*TASK DIRECTIONS*
The material below has pictures in it. Set down only the lines from the line containing "Long Sleeve Dress" through the line containing "Car Parking Game 3D: Car Games screenshot4", word for word, and leave the pictures behind.

*RECORDED DATA*
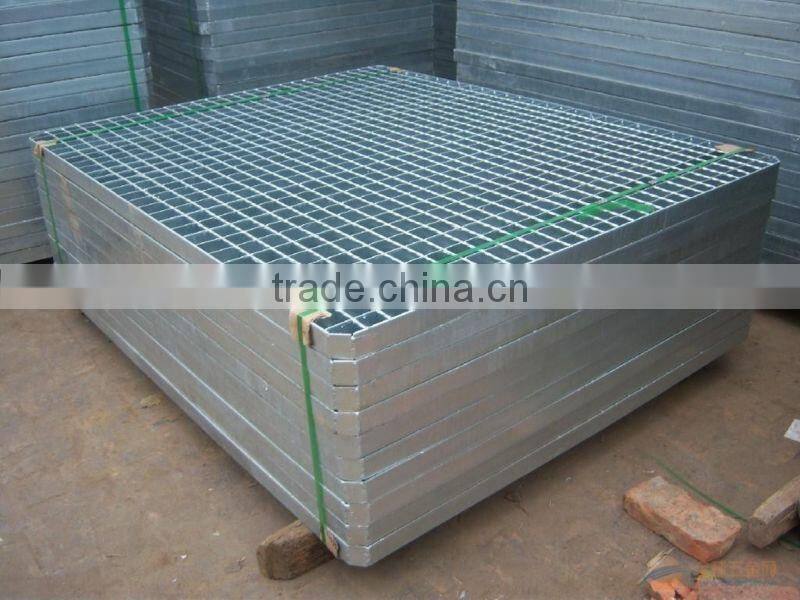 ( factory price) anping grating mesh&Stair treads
==
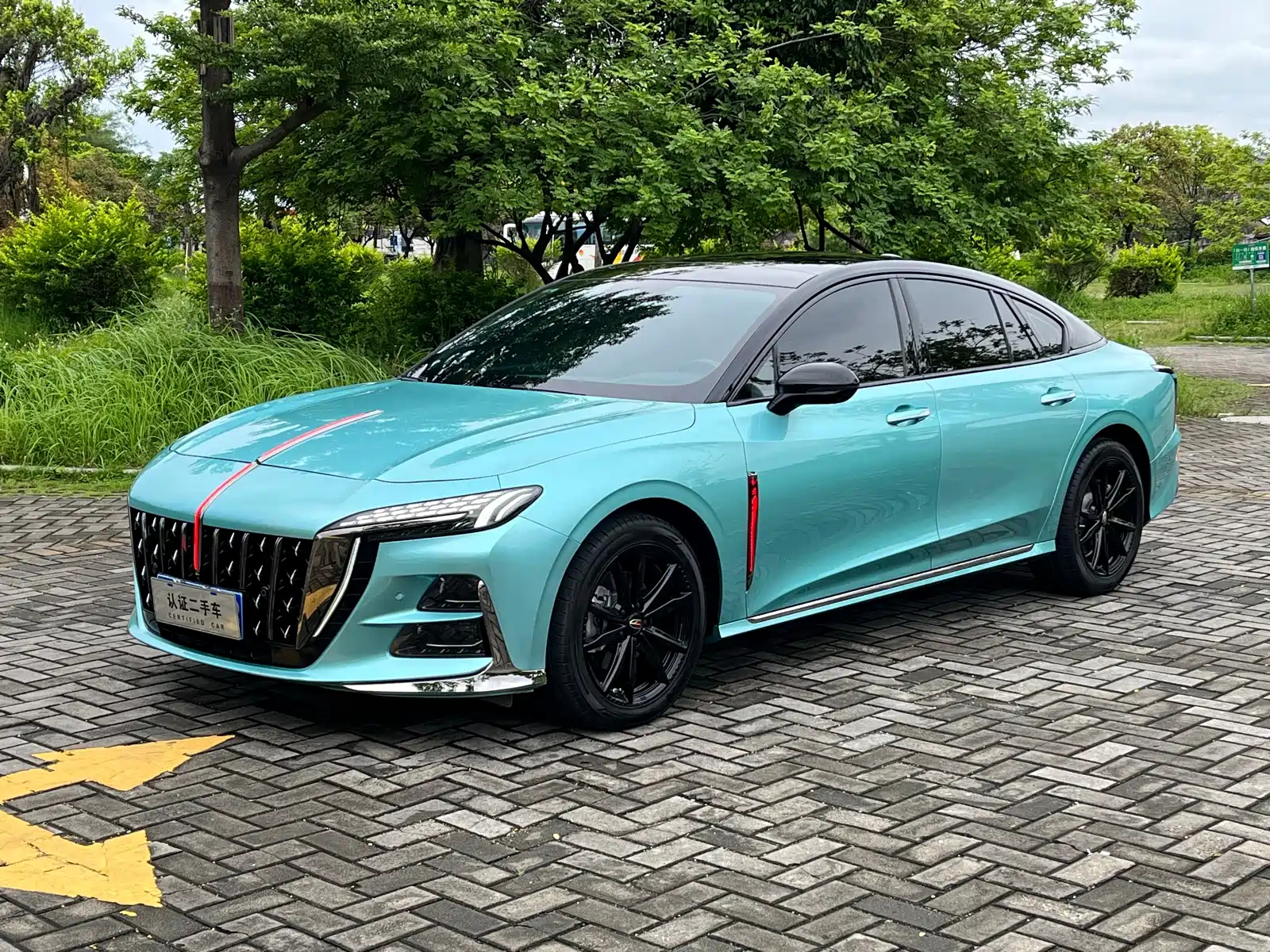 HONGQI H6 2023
==
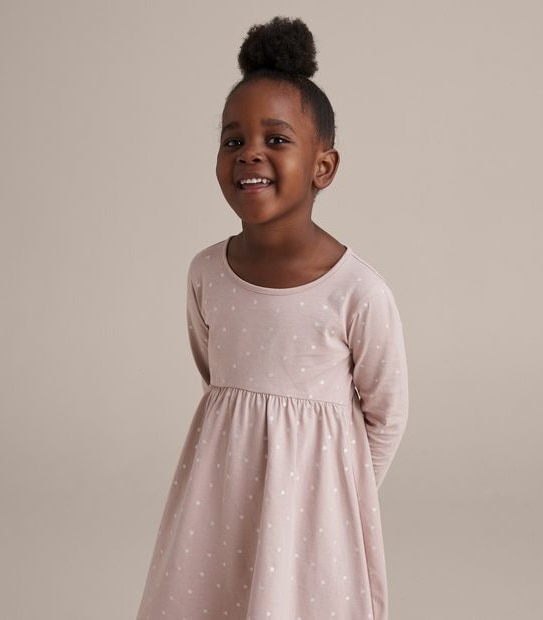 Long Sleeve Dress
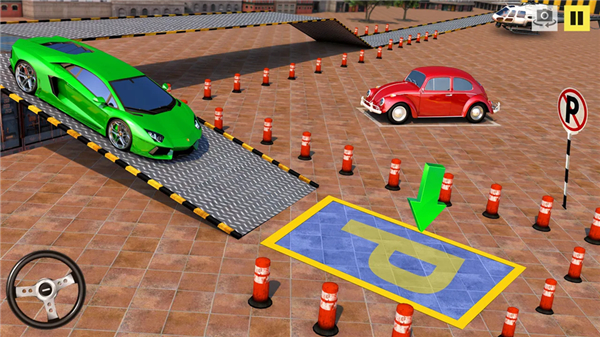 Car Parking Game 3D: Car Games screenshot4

*RESULT OF THIS TASK*
 Long Sleeve Dress
 Car Parking Game 3D: Car Games screenshot4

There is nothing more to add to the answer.